Carta al Sr. Alcalde-Presidente
El pasado día 12, durante la inauguración de la nueva estación, el Alcalde mostró su malestar por el encarecimiento de las obras y por la falta de renegociación del convenio ferroviario con el Estado que, según los medios, lastra las cuentas locales de una manera insoportable. Nosotros, desde el Comité de Empresa del Personal Laboral entendemos el enfado de nuestro jefe. Sabemos que, después de haber recibido el compromiso para la renegociación del convenio, de boca del mismo Presidente, cada día que pasa aumenta la incertidumbre respecto a la situación económica.
Decimos entender y saber de su enfado ya que llevamos la friolera de cinco años intentando la negociación de otro convenio –eso sí, más humilde y económico- como es nuestro Convenio Colectivo. Convenio que afecta a más de doscientos cincuenta trabajadores y que nos aleja de las condiciones económicas y sociales de otros empleados municipales. Podemos decir que la situación en la que nos encontramos no se diferencia mucho de la descrita en el párrafo anterior: un encarecimiento de la vida muy por encima de nuestros salarios y un retraso de las negociaciones que lastra las cuentas hogareñas de una manera insoportable. A lo que hay que añadir que los beneficios sociales no son los mismos que disfrutan otros empleados que hacen el mismo trabajo que nosotros.

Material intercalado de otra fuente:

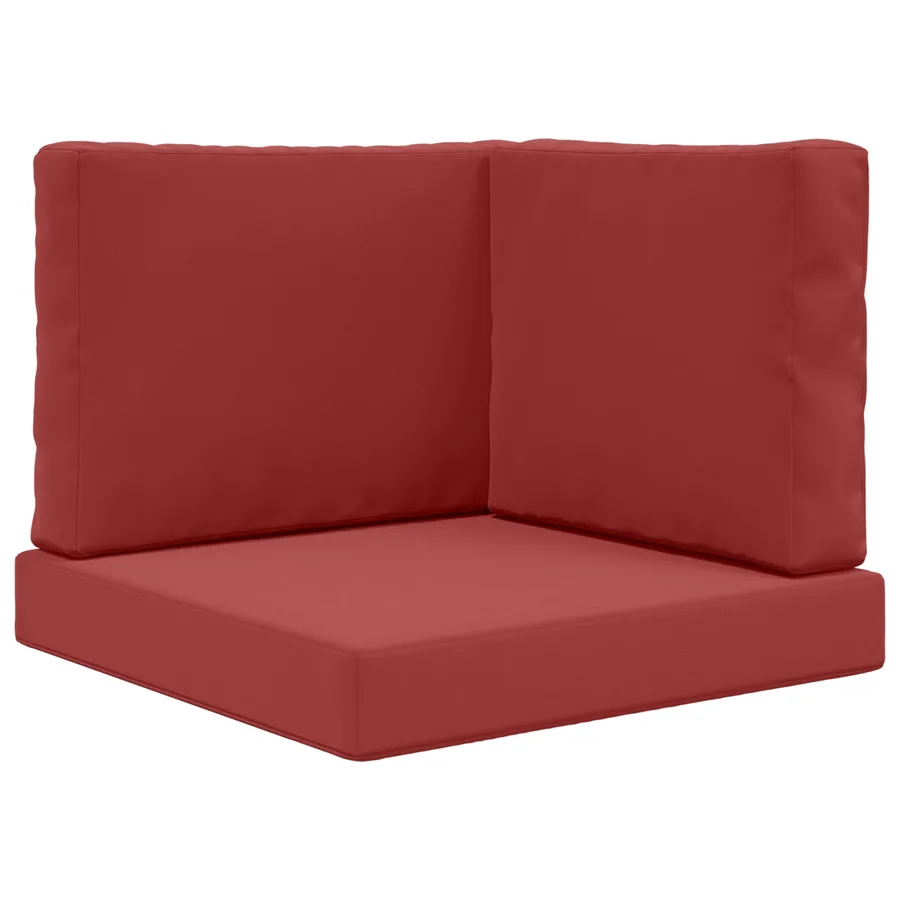 Coussin de canapé d'extérieur 3 pcs Bordeaux Polyester - 2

Nuestra simbiosis no sólo queda ahí.
Nos ocurre lo mismo cuando el Exmo. Alcalde muestra ciertos recelos y dice sentirse agraviado por el trato dado a otras ciudades en los presupuestos Estatales (destinados para infraestructuras similares). Mencionaremos, por ejemplo, León. De la misma manera podemos decir que, con respecto a otros colectivos de trabajadores municipales, nos sentimos negativamente diferenciados. Ya que, mientras a nosotros se nos relega de las negociaciones con argumentos difíciles de defender, la Concejal de personal perfilaba estos días -y parece que por fin cierra- acuerdos económicos con policías y bomberos. Desconocemos el número de reuniones que ha mantenido con bomberos y policías pero, seguramente, serán mas de las cuatro únicas reuniones a que nos ha convocado en lo que lleva de candidatura. Recientemente venimos escuchando cómo se ultiman estas negociaciones que suponen enormes aumentos salariales. Sin embargo, dado el olvido a que nos tienen acostumbrados, a los laborales ni siquiera se nos ha añadido los cuarenta euros -para los que existía una partida ya asignada desde hace tres años- con que remendar los mileuristas sueldos de peones y subalternos. Imaginamos dónde ha podido ir a parar esa partida de dinero.
Nos prometen, Sr. Aparicio, que ya nos va a llegar la hora de las negociaciones, que van a ser unas negociaciones justas. Sólo le pedimos que, ahora, sea usted quien se ponga en nuestro lugar. Que haga ese pequeño esfuerzo. Porque tomándonos la licencia de parafrasearle queremos que las negociaciones guarden relación con el volumen de la obra y el esfuerzo comparativo con otros colectivos.